■ Aim of the task ■
Look through the data below and, wherever a line carries the word "Cushion", please copy that line.

+++ Supplied records +++

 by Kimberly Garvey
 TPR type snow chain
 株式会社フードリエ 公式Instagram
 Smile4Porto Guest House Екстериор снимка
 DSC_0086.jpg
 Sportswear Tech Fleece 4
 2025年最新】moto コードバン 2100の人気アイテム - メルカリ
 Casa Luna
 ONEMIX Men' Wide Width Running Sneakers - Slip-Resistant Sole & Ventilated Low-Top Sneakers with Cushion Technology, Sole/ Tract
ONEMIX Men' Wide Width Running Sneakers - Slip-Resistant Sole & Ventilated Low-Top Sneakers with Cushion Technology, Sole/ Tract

+++

■ Result ■
 ONEMIX Men' Wide Width Running Sneakers - Slip-Resistant Sole & Ventilated Low-Top Sneakers with Cushion Technology, Sole/ Tract
ONEMIX Men' Wide Width Running Sneakers - Slip-Resistant Sole & Ventilated Low-Top Sneakers with Cushion Technology, Sole/ Tract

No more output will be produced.